TypeError Traceback (most recent call last)
in
----> 1 preds = f(time, params)

in f(t, params)
1 def f(t, params):
2 a,b,c = params
----> 3 return a*(t**2) + (b*t) + c
4
5 def mse(preds, targets): return ((preds-targets)**2).mean()

TypeError: unsupported operand type(s) for ** or pow(): ‘module’ and ‘int’

Hi ksanad,

Unless the site is burning down, please don’t cold-call @notify the site principles. Everyone would love their direct response, but if everyone did this they would have no time for their own work.

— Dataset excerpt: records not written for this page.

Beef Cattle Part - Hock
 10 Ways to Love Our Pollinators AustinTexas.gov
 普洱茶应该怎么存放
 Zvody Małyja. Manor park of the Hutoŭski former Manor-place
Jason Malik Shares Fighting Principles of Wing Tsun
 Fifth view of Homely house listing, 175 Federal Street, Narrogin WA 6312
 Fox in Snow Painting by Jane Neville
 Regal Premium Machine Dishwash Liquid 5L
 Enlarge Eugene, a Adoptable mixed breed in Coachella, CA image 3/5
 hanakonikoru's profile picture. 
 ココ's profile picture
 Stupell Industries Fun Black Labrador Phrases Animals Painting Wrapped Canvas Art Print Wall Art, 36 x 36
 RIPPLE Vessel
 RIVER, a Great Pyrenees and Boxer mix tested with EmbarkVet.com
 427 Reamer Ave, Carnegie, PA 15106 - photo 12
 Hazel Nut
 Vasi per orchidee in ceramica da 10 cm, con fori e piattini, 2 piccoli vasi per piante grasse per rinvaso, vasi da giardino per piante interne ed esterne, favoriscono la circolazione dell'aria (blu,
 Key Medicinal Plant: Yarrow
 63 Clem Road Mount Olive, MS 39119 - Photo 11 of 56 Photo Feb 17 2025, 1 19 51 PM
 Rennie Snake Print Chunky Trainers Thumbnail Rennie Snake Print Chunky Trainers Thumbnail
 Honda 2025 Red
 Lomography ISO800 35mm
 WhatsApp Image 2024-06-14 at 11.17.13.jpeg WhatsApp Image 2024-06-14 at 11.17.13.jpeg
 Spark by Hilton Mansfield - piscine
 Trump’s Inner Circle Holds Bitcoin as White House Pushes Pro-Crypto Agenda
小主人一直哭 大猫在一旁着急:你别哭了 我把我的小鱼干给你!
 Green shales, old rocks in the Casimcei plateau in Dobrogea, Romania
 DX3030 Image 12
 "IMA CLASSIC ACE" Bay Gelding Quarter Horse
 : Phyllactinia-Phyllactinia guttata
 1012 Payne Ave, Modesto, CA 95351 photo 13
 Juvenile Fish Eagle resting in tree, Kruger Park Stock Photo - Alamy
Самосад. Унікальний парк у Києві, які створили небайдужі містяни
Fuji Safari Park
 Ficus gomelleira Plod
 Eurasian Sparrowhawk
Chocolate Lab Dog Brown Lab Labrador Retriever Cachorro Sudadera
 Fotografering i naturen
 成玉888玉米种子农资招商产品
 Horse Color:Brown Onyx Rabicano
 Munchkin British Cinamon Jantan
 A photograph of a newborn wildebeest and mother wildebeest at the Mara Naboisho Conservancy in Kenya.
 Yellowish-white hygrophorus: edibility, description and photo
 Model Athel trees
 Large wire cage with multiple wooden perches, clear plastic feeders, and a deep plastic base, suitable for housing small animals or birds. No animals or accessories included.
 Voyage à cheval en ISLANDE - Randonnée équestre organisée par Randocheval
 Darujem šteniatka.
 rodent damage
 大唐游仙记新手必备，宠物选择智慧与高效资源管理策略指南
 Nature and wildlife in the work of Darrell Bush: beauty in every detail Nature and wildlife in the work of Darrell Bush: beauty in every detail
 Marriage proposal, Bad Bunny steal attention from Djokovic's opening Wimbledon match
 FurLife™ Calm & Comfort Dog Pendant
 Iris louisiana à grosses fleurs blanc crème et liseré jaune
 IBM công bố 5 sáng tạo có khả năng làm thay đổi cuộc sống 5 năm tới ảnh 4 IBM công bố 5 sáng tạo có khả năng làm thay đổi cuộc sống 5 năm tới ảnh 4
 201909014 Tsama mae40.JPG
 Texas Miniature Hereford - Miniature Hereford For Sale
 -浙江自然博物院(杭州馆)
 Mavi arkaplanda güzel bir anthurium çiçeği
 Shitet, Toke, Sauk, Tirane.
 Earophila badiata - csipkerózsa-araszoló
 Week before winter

I’m sorry I don’t know the answer, but ChatGPT tells me…

1 Like

Hi bencoman,

Thanks for letting me know regarding @notify. I was able to fix the above error by not using **2 on time which is a python module.

Regards
Anand

1 Like

For sure

I noticed this too. Did you finally conclude on what causes the same words to have different outputs despite the only difference being ‘_’ which in my thinking should not matter .

Further reading on in the forum, this particular thread. I have discovered that the model does not look at the token in isolation but also considers the context of the token in relation to other tokens/words. I am thinking this is probably the cause of above behavior.